Leichte Sprache ist wichtig

Wir alle kennen das aus dem Urlaub in unseren Lieblingsländern Italien oder Spanien: Das verschlafene Fischerdorf, das wir auf unserer Tour entdecken, das kleine Restaurant am malerischen Hafen, von dem aus wir den Sonnenuntergang beobachten können – und gottseidank kein Touristen-Hotspot! Außer uns und freundlichen Einheimischen kein Mensch, der die Idylle stören könnte. Aber die Speisekarte ist natürlich nur in der Landessprache verfasst.

Es gibt keine deutsche Übersetzung. Verwirrt und desorientiert irrt unser Blick über die vielen unverständlichen langen und kurzen Wörter; ratlos versuchen wir ein Wort zu erhaschen, an dem unser Blick sich verfängt. Ja, hier: Tonno, das ist doch was mit Thunfisch. Genau! Und hier: Pomodori, das sind Tomaten, das kenne ich von den Dosen aus dem Supermarkt. Und der Kellner steht schon eine Weile neben uns, wippt mit den Füßen und wartet auf unsere Bestellung. Bang und verunsichert bestellen wir wahllos etwas und wissen nur, es hat was mit Thunfisch oder Tomaten zu tun. Wird schon schmecken. 

Leichte Sprache ist sinnstiftend

Und genau so geht es Menschen, für die aus den unterschiedlichsten Gründen unser Deutsch eine „schwere Sprache“ ist. Ob diese Menschen sehbehindert sind, beeinträchtigt durch die unterschiedlichsten Einschränkungen oder Deutsch nicht als ihre Muttersprache kennengelernt haben: Sie alle fühlen sich so wie wir auf der Terrasse des kleinen Restaurants. Nur: Was für uns eine lustige Ferienanekdote ist, ist für diese Menschen Realität. Tagtäglich werden sie damit konfrontiert: Der Schulbrief, den das Kind mit nach Hause bringt, der Brief vom Finanzamt, der Arztbefund. Für diese Menschen ist es kaum oder nur schwer möglich, diese Dokumente sinnentnehmend zu lesen. Es ist kaum zu glauben, aber von circa 80 Millionen Menschen in Deutschland betrifft dieses Problem rund 17 Millionen!

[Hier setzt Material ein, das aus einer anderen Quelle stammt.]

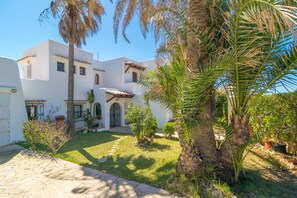Exterior - Holiday Home 'Villa Solymar' with Sea View, Wi-Fi and Air Conditioning (Cala Serena)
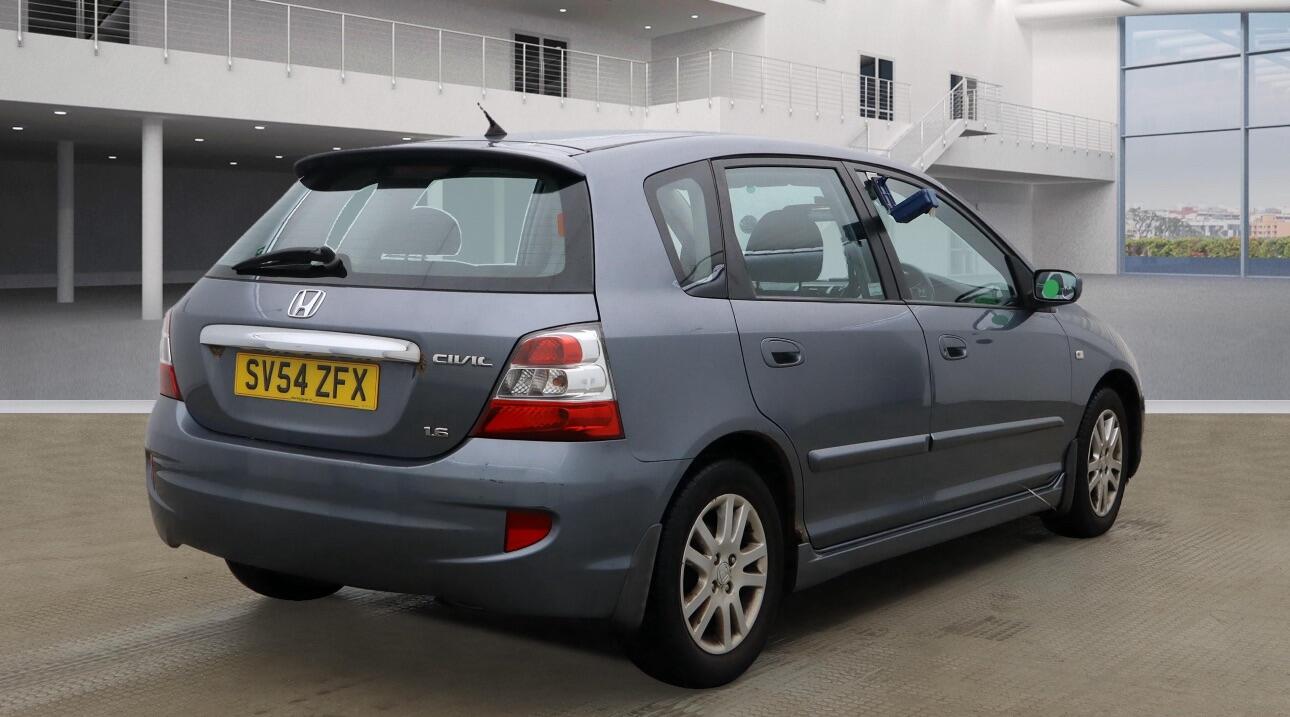 Used Honda Civic 2004 for sale - 76771649: Photo 2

Es ist wirklich nicht schwer zu erkennen, dass diese Menschen einen Bedarf haben: Einen Bedarf an einer leicht verständlichen Sprache, die ihnen die wichtigen Informationen auf einfache Weise vermittelt. Und genau hier setzt die Leichte Sprache an. Es geht nicht darum, diese Menschen klein und dumm aussehen zu lassen, indem wir in Babysprache – und am besten noch lauter als nötig – auf sie einreden. Nein, es geht darum, Texte alternativ auch in einer leicht verständlichen Version anzubieten, auf die sie zurückgreifen können, wenn ihnen das ‚normale‘ Dokument zu schwer verständlich erscheint. Leichte Sprache soll diese Menschen mitnehmen, ihnen die Angst vor Texten nehmen, ihnen helfen, am Alltagsleben teilzuhaben und sie mit den Informationen versorgen, die sie brauchen. Leichte Sprache will eine Brücke bauen.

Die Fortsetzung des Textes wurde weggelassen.